[RFC v3][PATCH 5/9] Memory managemnet (restore)

Mon Sep 8 23:01:30 PDT 2008

Dave Hansen wrote:
> On Sat, 2008-09-06 at 23:09 -0400, Oren Laadan wrote:

[...]

>>>> +	if (writable && !(vma->vm_flags & VM_WRITE))
>>>> +		flags = vma->vm_flags | VM_WRITE;
>>>> +	else if (!writable && (vma->vm_flags & VM_WRITE))
>>>> +		flags = vma->vm_flags & ~VM_WRITE;
>>>> +	cr_debug("flags %#lx\n", flags);
>>>> +	if (flags)
>>>> +		ret = mprotect_fixup(vma, &prev, vma->vm_start,
>>>> +				     vma->vm_end, flags);
>>> Is this to fixup the same things that setup_arg_pages() uses it for?  We
>>> should probably consolidate those calls somehow.  
>> This is needed for a VMA that has modified pages but is read-only: e.g. a
>> task modifies memory then calls mprotect() to make it read-only.
>> Since during restart we will recreate this VMA as read-only, we need to
>> temporarily make it read-write to be able to read the saved contents into
>> it, and then restore the read-only protection.
>>
>> setup_arg_pages() is unrelated, and the code doesn't seem to have much in
>> common.
> 
> Have you looked at mprotect_fixup()?  It deals with two things:
> 1. altering the commit charge against RSS if the mapping is actually
>    writable.
> 2. Merging the VMA with an adjacent one if possible
> 
> We don't want to do either of these two things.  Even if we do merge the
> VMA, it will be a waste of time and energy since we'll just re-split it
> when we mprotect() again.

Your observation is correct; I chose this interface because it's really
simple and handy. I'm not worried about the performance because such VMAs
(read only but modified) are really rare, and the code can be optimized
later on.

[...]

>>>> +	/* restore original protection for this vma */
>>>> +	if (!(cr_vma->vm_flags & VM_WRITE))
>>>> +		ret = cr_vma_writable(mm, cr_vma->vm_start, cr_vma->vm_end, 0);
>>>> +
>>>> + out:
>>>> +	return ret;
>>>> +}
>>> Ugh.  Is this a security hole?  What if the user was not allowed to
>>> write to the file being mmap()'d by this VMA?  Is this a window where
>>> someone could come in and (using ptrace or something similar) write to
>>> the file?
>> Not a security hole: this is only for private memory, so it never
>> modifies the underlying file. This is related to what I explained before
>> about read-only VMAs that have modified pages.
> 
> OK, so a shared, read-only mmap() should never get into this code path.
> What if an attacker modified the checkpoint file to pretend to have
> pages for a read-only, but shared mmap().  Would this code be tricked?

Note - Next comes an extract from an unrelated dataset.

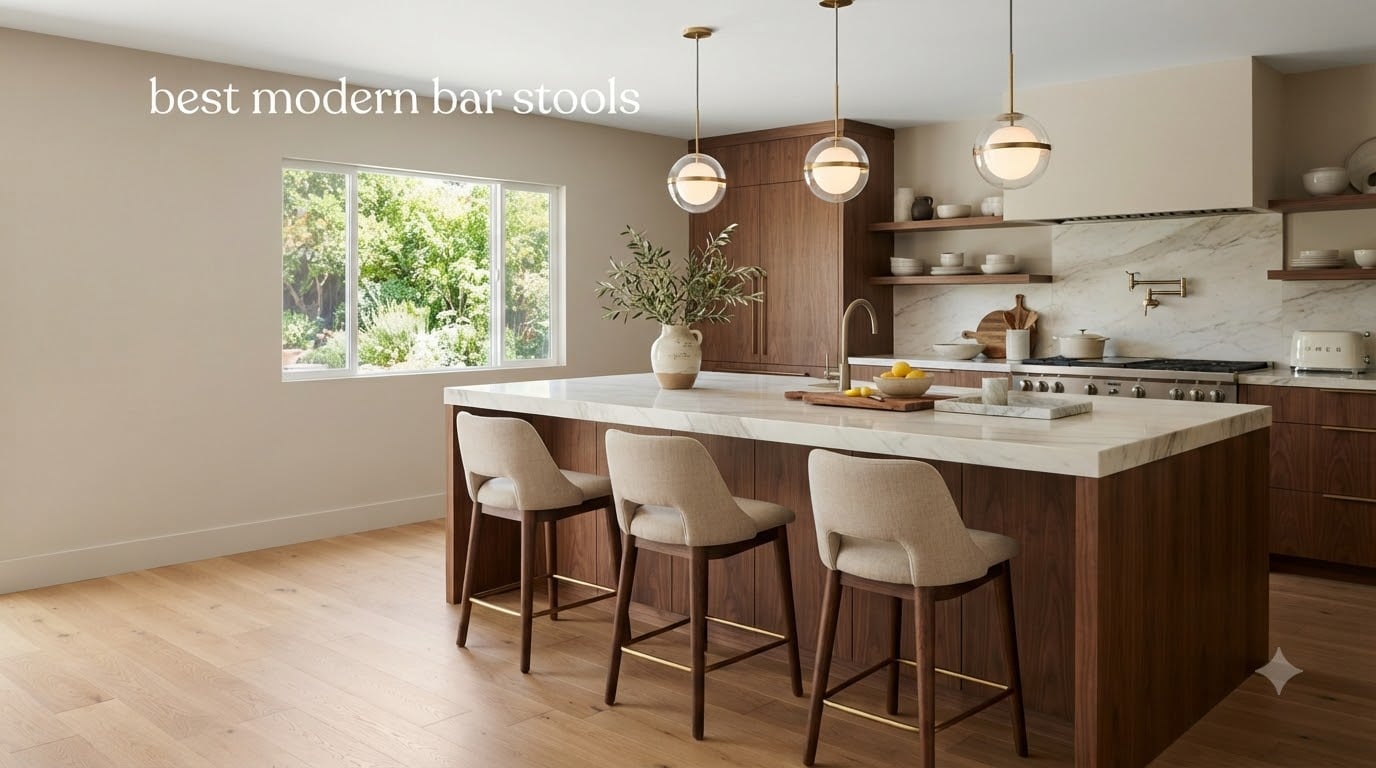 best modern bar stools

VMAs of shared maps (IPC, anonymous shared) will be treated differently.

VMAs of shared files (mapped shared) are saved without their contents,
as the contents remains available on the file system !  (yes, for that
we will eventually need file system snapshots).

As for an attack that provides an altered checkpoint image: since we
(currently) don't escalate privileges, the attacker will not be able
to modify something that it doesn't have access to in the first place.

> 
>> The process is restarting, inside a container that is restarting. All
>> tasks inside should be calling sys_restart() (by design) and no other
>> process from outside should be allowed to ptrace them at this point.
> 
> Are there plans to implement this, or is it already in here somehow?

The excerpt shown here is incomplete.